それ以外は何も変わらない、いつもと同じなだけで、違うと言えばAさんに逢えることと季節が冬ということだけ。


路肩の雪が住む街より多くて、びっくりする。
これだけは違う地域だけど、毎年見ていても慣れることがない風景だった。

窓ガラスを開けると入ってくる冷たい空気が澄んでいた。

冷たい風は、逢えることの喜びと得体が知れない不安を呼んでいた。

ほんの少しの''希望''という不思議な感覚と共にふと思った。


''また出逢った頃と同じ季節なんだ''


繰り返す季節のどこかにAさんの姿を置くとしたら必然的に''冬''なのかもしれない。


出逢った頃と季節だからかもしれないが、なんとなく冬のイメージがある。


雪が降ると寒くなるのではなく、結構暖かいものである。
むしろ、雨の日が寒い。
凍えるくらい寒いが、雪が降るときは寒さの中にどこかふわっとした暖かさを感じる。

Aさんのイメージもおもしろいくらいに似てる。

一見、冷たい人?と思わせるほどの雰囲気は持っている。
笑ったときの笑顔は格別に柔らかく、ふわっとした暖かさを見せてくれる。
不器用な優しさを見せてくれることもある。

所謂、人見知りというのだろうか。
あまり人を信頼するようには見えない。
信頼したあとにはしっかり付き合いをする。
そんな感じがした。


ようやく逢えたその日。
たまたま入った友人と入ったお店にAさんとAさんの友人が来た。

一緒にお酒を飲むことになり、飲んでいたが味は覚えていない。
いつも飲んでいるものが多かったが、美味しかったというよりも味を覚えていないと言った方が正しい。


楽しく談笑していたが、私は早く帰りたかった。
居心地は悪かった。
好きな人と飲めるなんて、そんな日が来ると思っていなかった。
予想はしていなかった。


泥酔出来ていれば。
記憶が無くなるほど酔えたらどんなによかったか。

そう思っていた。


しかし、あまり酔わない私は損である。
昔付き合っていた人に言われたことがある。

『酔わない女は可愛くない。

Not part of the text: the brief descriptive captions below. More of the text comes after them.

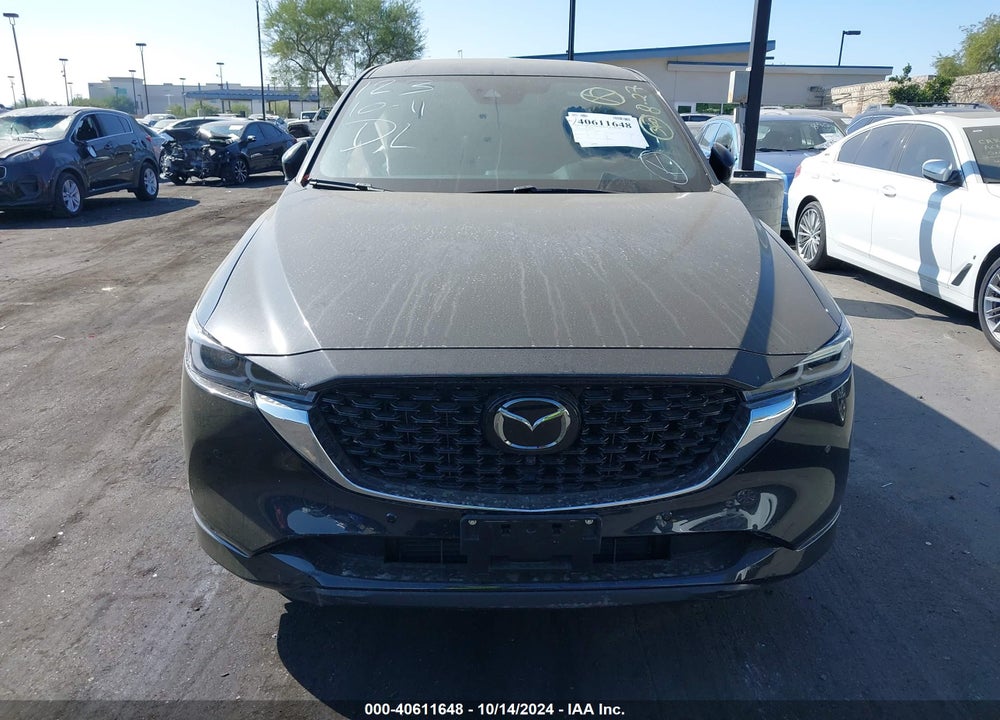 2022 MAZDA CX-5 2.5 TURBO SIGNATURE VIN: JM3KFBXY2N0523193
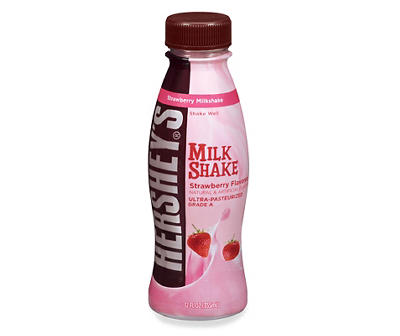 Hershey's Strawberry Milkshake 12 Oz Plastic Bottle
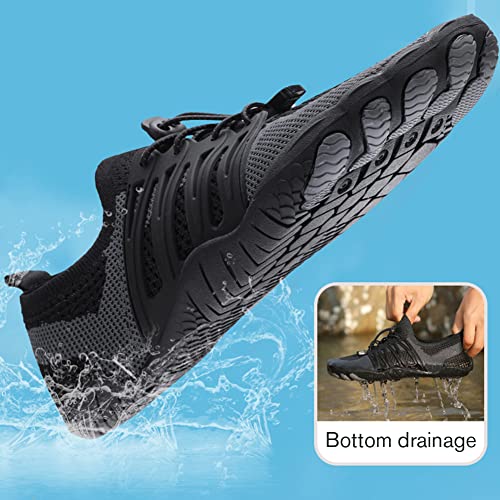 Orgone Water Shoes for Men Women Beach Barefoot Shoes, Quick Dry Aqua Swim Shoes Socks, for Sports Outdoor Diving Surfing2
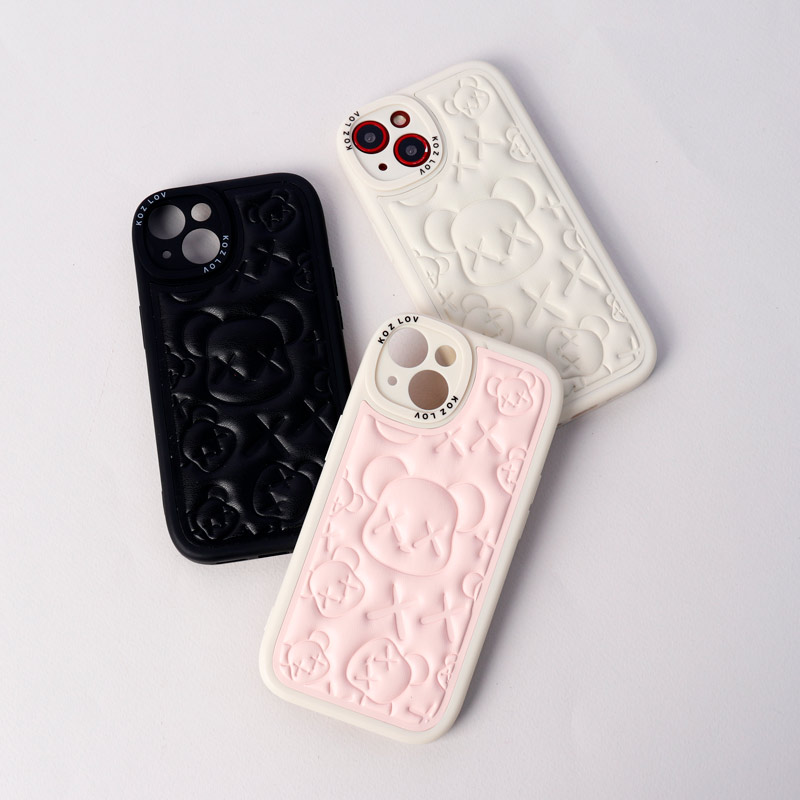 قاب چرمی Kozlov محافظ لنزدار iPhone 13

』


少なからず、付き合っている人に言われるとショックを受ける。

私だって、昔は酔って楽しくなってって事は沢山あった。
それで失敗もした。

経験が物を言わせる事だってある。

しかし、最近そこまで酔わないのは経験があるからである。

その失敗もしたくないから酔えないのであって、むしろ、大切な人と飲めるなんてなると気が張ってしまい、余計に酔わない。


むろん、どれだけ酔っても記憶なんて無くならない。


もう特技でしかない。


帰り道、少しだけ一緒に歩いた。

その時に沢山話せた。
私には''幸せ''な時間だった。

自分をかわいく見せてみたい。
そう思っていてもこの性格だと難しかった。


所々、道は凍っていて危ない道だった。
夜中の風は頬を刺すように冷たかった。
確かに寒い。
しかし、不思議なことに寒さを感じなかった。


氷に足を取られたとき、ふいに腕を掴んでしまった。

Aさんはびっくりしたと思う。
掴んだ腕に力が入っていた。



サガシモノ ~白い息~

2016-11-22 18:00:00 | 
しっかり''それ''を見つけてしまったあとに、逢えなくなることが決まっていた。

私はちょっと勇気を持てば''何か''が変わったかもしれないと思うようになっていた。


ー後悔先に立たずー

そんな言葉が頭を駆け巡る。

もしかしたら、私が一番悪いのかもしれない。
私が一番中途半端なのかもしれない。
関わり方も考え方も。

それが原因なのかもしれない。

今でもまだ左手がかかった魔法は、途切れることもなく寂しさを感じながら、ふと暖かくなることがある。


誰かの温かさを感じることがある。
気のせいかもしれない。
だけど、ふいにふわっとしたものが左手を覆う時がある。

特別になった左手の意味。
実は過去に遡ることになる。

今まで付き合ってきた人と手を繋いだり、腕を組むなんてことはしてこなかった。

むしろ、人に見られると恥ずかしいという想いが先に出る。
照れ屋が成せる業だと今更ながら思う。

ただ、そこまでのめり込めるほど好きだったわけでもなかった。

告白されたから付き合った。
好きな人だけど、人に見られると恥ずかしい。
からかわれたくない。

そんな思いが先に立つ。
そんな恋愛だった。

今でも他の人なら同じだと思う。
Aさんの場合、そうでもないと思う。
手を繋いだり腕を組んで歩いてみたいと思った。

この人の笑顔が見たい。
名前を呼ばれたい。
もっとハグをしたい。
そう、思えたのはこの生きてきた中ではAさんだけである。

ふいに出逢ってから2年。
ずいぶん気持ちが育ってきた。
出来ることなら告白だってしてみたい。
逢うことすら無くなってしまうんだから、いっそのこと伝えてしまおうかって思うことはある。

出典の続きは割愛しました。